Our policy is also not to surprise users [1].  If we say we're collecting "performance data" and then collect things like whether Firefox is the default browser (bug 679938), I think we're doing our users (and ourselves) a disservice.

[1] https://wiki.mozilla.org/Privacy/Roadmap_2011#Operating_Principles
(In reply to Justin Lebar [:jlebar] from comment #30)
> > I don't see why we'd have to back those probes out. Our privacy policy is very clear. I spent a long > time making sure that it was correct, understandable, and covered the use cases we had in mind. The 
> > privacy policy covers what we're tracking and want to be tracking.
> 
> Our policy is also not to surprise users [1].  If we say we're collecting
> "performance data" and then collect things like whether Firefox is the
> default browser (bug 679938), I think we're doing our users (and ourselves)
> a disservice.

Well, that was a fuck up. We wrote the privacy policy that way for a reason. That we have contradictory information in the infobar is a bug and one that's costing us dearly now. The infobar shouldn't have any specific information. It should say "wanna help Mozilla with anonymous Firefox data? <link to privacy policy>" and that it's not that is broken.
I think in an ideal world, we wouldn't link to the legal privacy policy from the infobar.
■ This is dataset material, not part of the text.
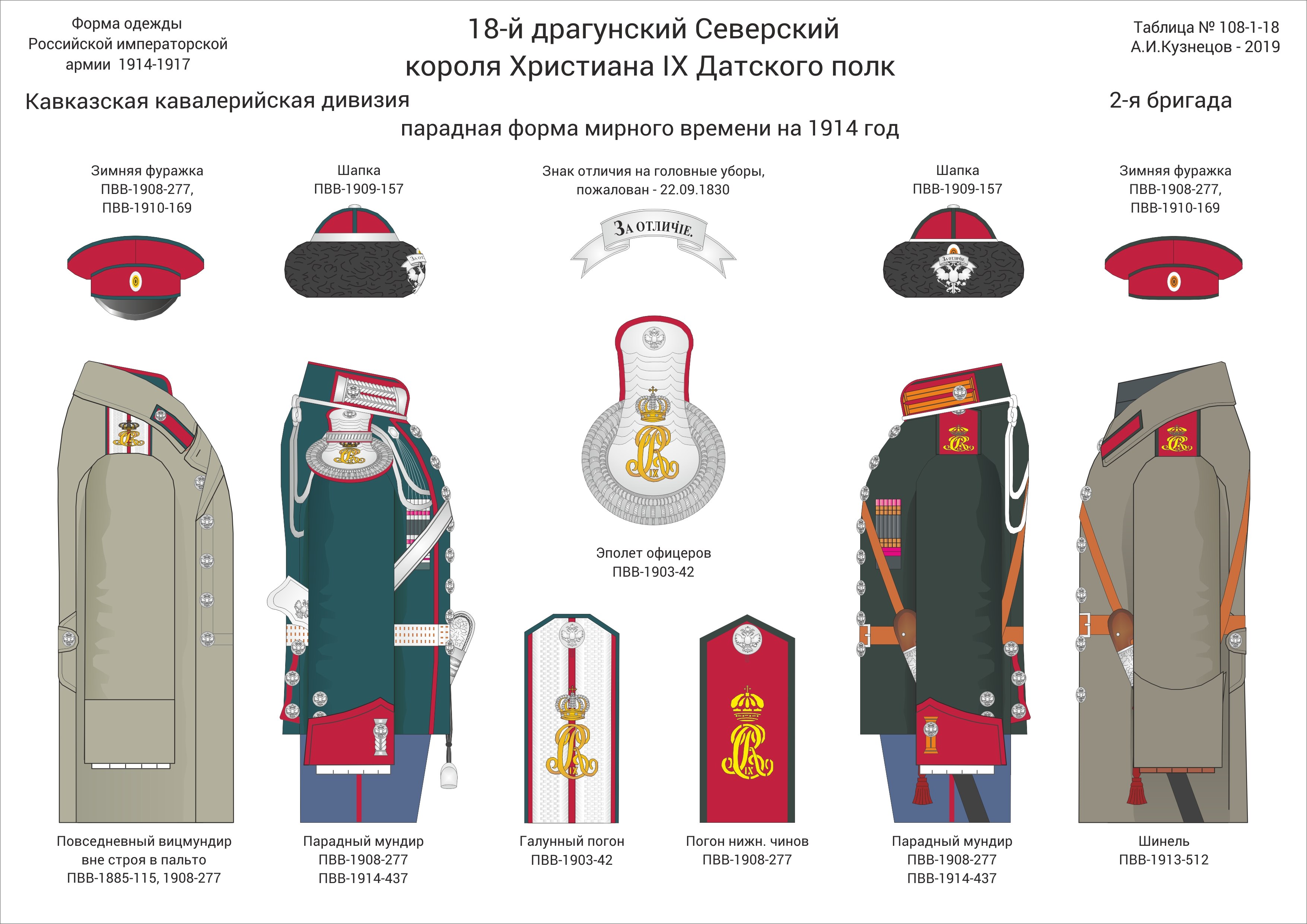 форма российской императорской армии 1914. порядок ношения наград. знаки различия на форме. шитье на обмундировании генералов российской федерации. парадный китель офицера вкс.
The telemetry [more info] page is a great opportunity to explain to users how Mozilla works, and to show them how we're different.  (Here are some examples of the data we collect, here's how we've used the data, here's how we protect your privacy, here are some pictures of us kissing babies...)

If the infobar text is no good because it's technical, I think the same criticism applies to the privacy policy.
Axel can we not use old locale strings from FF7? In the worst case we can disable telemetry on release channel.
The old strings are now removed from the current state, which means we had to patch some 90 repositories and deal with the fall-out with all the teams who don't work on tool chains that circle around on interactions like this properly. Not something we have resources for really.